Search code examples
pythonnumpynlplinear-algebracosine-similarity

Calculating cosine similarity: ValueError: Input must be 1- or 2-d


hope everyone's well. I'm trying to use the following method to efficiently calculate cosine similarity of a (29805, 40) sparse matrix, created by HashingVectorizing (Sklearn) my dataset. The method below is originally from @Waylon Flinn's answer to this question.

def cosine_sim(A):

    similarity = np.dot(A, A.T)

    # squared magnitude of preference vectors (number of occurrences)
    square_mag = np.diag(similarity)

    # inverse squared magnitude
    inv_square_mag = 1 / square_mag

    # if it doesn't occur, set it's inverse magnitude to zero (instead of inf)
    inv_square_mag[np.isinf(inv_square_mag)] = 0

    # inverse of the magnitude
    inv_mag = np.sqrt(inv_square_mag)

    # cosine similarity (elementwise multiply by inverse magnitudes)
    cosine = similarity * inv_mag
    return cosine.T * inv_mag

When I try with a dummy matrix, everything works fine.

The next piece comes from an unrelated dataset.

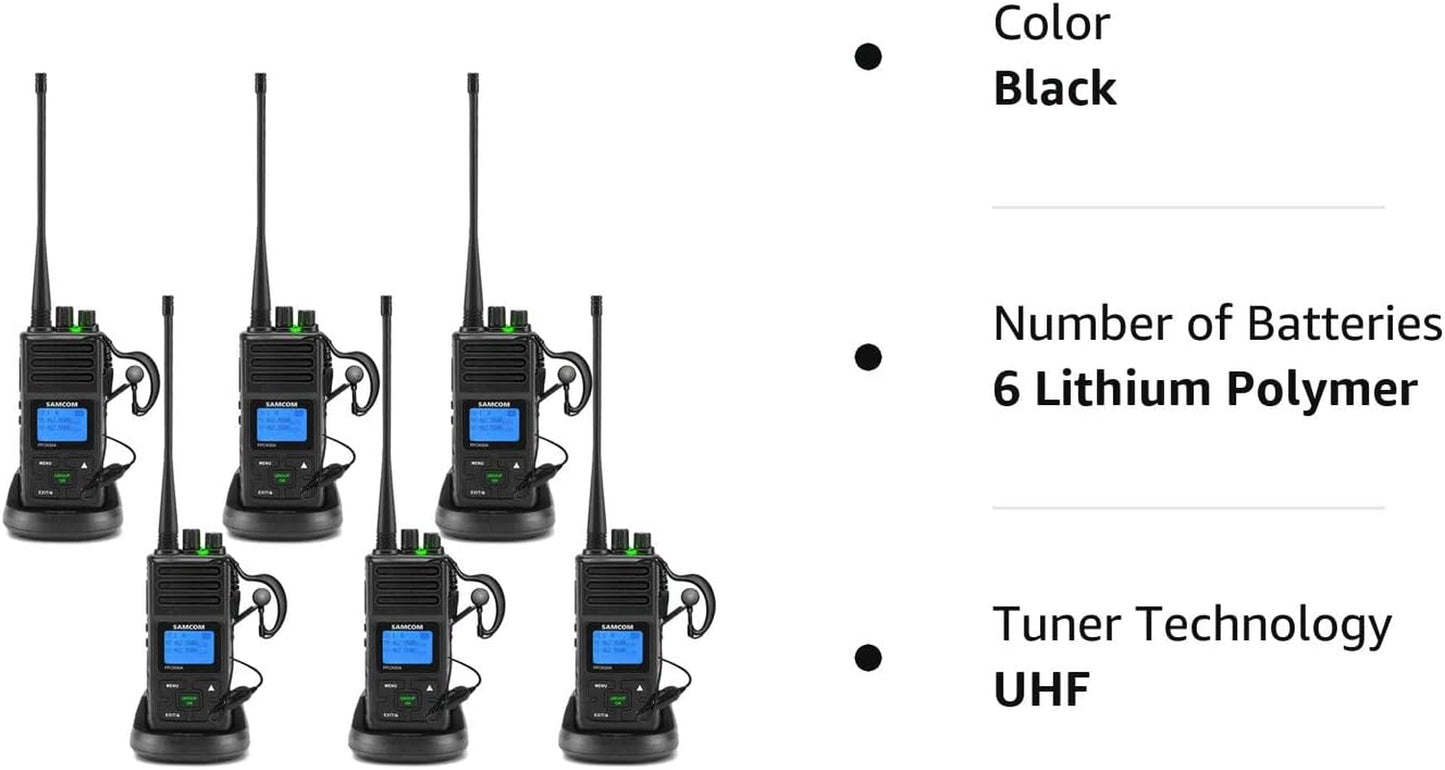 Long Range Walkie Talkies for Adults, 5Watt FPCN30A Two Way Radios with Earpieces,Programmable UHF 2 Way Long Distance Radio GROUP CALL for Commercial Cruises Hunting Hiking,6 Packs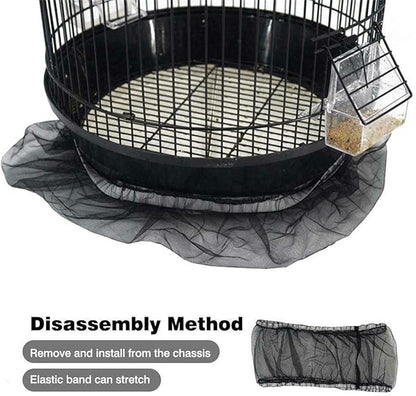 Universal Bird Cage Seed Catcher,Seed Catcher Guard Net Cover,Parrot Nylon Mesh Net Cover,Soft Airy Cage Net Stretchy Skirt for Round Square Cages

A = np.random.randint(0, 2, (10000, 100)).astype(float)
cos_sim = cosine_sim(A)

but when I try with my own matrix..

cos_sim = cosine_sim(sparse_matrix)

I get

ValueError: Input must be 1- or 2-d.

Now, calling .shape on my matrix returns (29805, 40). How is that not 2-d? Can someone tell me what I'm doing wrong here? The error occurs here (from jupyter notebook traceback):

----> 6     square_mag = np.diag(similarity)

Thanks for reading! For context, calling sparse_matrix returns this

<29805x40 sparse matrix of type '<class 'numpy.float64'>'
with 1091384 stored elements in Compressed Sparse Row format> 

Solution

  • np.diag starts with

     v = asanyarray(v)
    

    similarity = np.dot(A, A.T) works with A sparse, because it delegates the action to the sparse matrix multiplication. The result will be a sparse matrix - you can check that yourself.

    But then try to pass that to np.asanyarray.